• [PROBLEM TO SOLVE]
Which lines in the data below contain the word "Polo"? Return each of them.

• [PROVIDED MATERIAL]
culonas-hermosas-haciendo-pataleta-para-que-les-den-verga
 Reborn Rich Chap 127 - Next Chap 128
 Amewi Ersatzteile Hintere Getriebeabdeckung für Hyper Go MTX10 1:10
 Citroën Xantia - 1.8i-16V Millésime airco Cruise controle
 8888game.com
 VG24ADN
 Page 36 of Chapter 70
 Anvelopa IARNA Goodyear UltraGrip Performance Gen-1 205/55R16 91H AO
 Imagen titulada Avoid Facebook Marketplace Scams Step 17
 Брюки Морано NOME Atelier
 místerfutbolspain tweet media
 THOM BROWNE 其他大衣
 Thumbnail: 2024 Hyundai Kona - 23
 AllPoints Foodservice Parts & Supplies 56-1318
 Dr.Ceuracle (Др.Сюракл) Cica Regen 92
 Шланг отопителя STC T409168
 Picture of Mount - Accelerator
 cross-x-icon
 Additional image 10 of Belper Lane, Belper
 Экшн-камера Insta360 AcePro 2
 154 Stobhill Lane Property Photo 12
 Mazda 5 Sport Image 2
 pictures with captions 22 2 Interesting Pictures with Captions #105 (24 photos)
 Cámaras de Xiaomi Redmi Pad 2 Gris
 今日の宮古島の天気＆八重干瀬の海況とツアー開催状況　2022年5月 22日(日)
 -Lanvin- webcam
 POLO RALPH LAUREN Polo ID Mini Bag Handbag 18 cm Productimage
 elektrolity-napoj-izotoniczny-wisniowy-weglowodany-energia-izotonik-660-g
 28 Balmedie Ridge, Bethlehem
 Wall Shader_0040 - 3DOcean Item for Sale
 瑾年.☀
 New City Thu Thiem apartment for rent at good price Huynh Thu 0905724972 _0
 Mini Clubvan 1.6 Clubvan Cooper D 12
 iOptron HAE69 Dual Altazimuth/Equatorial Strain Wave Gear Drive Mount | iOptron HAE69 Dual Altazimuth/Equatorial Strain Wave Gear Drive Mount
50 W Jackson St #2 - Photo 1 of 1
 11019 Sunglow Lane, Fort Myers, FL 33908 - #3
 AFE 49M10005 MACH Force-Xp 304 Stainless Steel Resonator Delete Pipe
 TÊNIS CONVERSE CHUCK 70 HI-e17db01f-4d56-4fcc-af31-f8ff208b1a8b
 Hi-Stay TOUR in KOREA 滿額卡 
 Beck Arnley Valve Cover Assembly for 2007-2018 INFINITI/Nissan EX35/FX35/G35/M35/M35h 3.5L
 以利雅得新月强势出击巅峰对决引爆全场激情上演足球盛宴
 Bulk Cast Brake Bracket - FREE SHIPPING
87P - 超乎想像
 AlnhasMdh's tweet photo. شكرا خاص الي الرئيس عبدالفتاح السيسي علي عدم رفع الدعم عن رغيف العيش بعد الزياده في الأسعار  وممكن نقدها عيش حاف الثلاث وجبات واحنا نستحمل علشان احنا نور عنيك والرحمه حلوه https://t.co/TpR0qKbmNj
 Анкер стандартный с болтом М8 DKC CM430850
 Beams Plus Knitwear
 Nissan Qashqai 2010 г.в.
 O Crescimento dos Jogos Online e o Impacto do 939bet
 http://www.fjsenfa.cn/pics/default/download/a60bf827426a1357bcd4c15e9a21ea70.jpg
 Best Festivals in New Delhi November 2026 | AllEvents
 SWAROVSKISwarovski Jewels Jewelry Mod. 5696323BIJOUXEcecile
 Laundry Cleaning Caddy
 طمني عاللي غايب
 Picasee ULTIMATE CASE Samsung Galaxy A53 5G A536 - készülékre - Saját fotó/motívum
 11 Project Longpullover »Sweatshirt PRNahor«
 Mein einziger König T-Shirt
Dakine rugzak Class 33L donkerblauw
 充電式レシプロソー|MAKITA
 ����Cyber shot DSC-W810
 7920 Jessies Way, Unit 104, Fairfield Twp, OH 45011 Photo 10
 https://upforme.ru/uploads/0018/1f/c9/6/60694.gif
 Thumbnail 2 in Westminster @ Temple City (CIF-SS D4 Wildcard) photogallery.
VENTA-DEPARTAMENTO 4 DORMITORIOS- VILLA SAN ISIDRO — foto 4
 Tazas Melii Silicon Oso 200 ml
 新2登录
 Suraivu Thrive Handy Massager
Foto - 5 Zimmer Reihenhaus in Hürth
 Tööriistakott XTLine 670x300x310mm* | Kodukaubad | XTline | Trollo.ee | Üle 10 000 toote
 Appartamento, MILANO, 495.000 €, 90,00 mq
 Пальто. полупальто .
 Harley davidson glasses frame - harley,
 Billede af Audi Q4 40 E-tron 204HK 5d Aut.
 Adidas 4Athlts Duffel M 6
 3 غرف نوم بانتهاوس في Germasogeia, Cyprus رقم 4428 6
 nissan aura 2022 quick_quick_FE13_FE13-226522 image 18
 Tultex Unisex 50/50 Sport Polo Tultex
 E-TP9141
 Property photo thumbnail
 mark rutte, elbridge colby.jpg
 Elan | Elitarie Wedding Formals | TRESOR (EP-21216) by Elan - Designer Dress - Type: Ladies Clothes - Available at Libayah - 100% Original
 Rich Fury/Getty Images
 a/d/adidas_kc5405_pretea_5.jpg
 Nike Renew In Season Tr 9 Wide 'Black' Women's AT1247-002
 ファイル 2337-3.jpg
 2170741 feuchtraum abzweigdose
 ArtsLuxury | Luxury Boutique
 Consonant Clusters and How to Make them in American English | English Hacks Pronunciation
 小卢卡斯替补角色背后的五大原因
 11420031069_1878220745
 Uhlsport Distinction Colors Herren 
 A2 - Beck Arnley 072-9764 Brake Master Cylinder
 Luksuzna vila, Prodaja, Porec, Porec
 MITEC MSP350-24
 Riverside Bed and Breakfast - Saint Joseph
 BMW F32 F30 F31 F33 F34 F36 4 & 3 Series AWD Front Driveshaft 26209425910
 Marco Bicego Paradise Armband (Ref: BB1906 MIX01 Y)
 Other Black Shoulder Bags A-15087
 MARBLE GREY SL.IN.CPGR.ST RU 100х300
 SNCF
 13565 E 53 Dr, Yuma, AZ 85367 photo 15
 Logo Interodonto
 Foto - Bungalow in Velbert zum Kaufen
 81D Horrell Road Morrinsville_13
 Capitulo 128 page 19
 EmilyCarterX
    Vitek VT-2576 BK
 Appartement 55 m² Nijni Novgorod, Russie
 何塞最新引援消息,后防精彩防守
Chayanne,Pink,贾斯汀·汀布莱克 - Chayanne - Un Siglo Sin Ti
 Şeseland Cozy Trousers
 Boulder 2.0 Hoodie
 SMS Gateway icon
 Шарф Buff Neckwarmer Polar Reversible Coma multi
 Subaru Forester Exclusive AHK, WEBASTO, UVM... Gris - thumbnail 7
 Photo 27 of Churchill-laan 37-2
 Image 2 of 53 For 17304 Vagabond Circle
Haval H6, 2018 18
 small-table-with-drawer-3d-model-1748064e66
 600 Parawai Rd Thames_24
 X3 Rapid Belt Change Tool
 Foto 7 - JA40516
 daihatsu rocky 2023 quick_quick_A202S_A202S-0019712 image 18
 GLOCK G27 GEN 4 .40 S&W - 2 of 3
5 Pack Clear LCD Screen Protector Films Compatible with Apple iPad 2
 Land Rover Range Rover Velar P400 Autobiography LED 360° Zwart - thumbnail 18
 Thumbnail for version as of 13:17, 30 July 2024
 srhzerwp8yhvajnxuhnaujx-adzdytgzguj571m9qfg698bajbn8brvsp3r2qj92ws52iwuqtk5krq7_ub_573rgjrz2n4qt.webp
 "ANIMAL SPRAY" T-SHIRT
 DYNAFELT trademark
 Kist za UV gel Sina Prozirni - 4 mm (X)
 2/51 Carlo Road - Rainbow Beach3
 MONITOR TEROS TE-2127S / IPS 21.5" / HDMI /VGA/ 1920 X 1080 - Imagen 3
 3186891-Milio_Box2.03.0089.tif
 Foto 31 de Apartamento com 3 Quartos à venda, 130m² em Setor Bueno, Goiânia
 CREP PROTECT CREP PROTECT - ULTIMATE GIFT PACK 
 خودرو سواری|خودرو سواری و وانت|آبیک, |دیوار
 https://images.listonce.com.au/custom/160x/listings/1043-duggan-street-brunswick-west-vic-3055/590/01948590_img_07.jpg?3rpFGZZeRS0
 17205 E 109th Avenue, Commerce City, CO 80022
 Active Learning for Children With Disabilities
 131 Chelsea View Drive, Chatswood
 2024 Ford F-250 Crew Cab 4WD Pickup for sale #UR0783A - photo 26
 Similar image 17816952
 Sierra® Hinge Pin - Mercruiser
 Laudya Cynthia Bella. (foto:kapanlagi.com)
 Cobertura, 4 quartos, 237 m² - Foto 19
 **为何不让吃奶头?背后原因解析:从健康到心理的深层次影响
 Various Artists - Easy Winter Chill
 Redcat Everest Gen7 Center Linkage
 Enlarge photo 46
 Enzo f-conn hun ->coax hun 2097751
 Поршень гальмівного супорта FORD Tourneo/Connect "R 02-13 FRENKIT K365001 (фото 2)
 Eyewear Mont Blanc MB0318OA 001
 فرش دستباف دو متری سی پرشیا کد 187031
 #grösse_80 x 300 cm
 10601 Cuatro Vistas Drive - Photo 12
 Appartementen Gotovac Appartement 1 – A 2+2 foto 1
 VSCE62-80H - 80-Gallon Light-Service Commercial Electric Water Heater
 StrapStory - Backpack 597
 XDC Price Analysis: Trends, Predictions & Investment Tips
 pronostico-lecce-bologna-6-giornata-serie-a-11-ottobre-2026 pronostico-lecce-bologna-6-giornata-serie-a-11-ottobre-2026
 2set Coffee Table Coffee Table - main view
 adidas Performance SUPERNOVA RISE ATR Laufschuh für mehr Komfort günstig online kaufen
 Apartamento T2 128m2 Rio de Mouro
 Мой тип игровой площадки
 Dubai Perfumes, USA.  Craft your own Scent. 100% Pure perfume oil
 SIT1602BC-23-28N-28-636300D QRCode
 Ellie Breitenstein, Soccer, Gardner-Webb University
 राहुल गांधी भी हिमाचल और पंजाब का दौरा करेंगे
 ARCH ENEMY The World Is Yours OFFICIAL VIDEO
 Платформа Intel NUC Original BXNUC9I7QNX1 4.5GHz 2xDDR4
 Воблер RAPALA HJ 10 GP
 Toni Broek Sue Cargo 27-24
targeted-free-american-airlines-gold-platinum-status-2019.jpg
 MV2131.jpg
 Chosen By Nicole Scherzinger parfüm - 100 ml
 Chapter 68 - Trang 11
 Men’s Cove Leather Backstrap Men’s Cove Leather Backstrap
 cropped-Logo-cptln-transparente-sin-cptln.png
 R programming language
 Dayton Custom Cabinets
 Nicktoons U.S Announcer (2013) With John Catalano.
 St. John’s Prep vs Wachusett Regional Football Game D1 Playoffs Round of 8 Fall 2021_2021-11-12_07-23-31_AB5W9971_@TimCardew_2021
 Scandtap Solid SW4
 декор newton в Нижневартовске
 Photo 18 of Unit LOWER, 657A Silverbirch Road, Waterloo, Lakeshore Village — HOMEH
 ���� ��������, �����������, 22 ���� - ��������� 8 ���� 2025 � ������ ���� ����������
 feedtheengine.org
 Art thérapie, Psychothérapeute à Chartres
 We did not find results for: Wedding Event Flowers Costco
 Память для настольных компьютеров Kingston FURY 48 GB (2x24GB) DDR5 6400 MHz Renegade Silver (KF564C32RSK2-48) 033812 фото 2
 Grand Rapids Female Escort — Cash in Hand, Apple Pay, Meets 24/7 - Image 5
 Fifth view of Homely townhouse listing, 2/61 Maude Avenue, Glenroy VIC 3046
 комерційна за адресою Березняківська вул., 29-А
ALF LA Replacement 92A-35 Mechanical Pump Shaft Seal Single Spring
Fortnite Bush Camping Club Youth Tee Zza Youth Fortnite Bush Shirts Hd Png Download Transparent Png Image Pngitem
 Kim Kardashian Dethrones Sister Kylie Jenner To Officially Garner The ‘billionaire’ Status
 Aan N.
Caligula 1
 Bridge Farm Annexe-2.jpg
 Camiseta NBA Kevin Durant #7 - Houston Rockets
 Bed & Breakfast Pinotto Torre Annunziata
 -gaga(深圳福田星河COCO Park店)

• [PROBLEM SOLUTION]
 POLO RALPH LAUREN Polo ID Mini Bag Handbag 18 cm Productimage
 Tultex Unisex 50/50 Sport Polo Tultex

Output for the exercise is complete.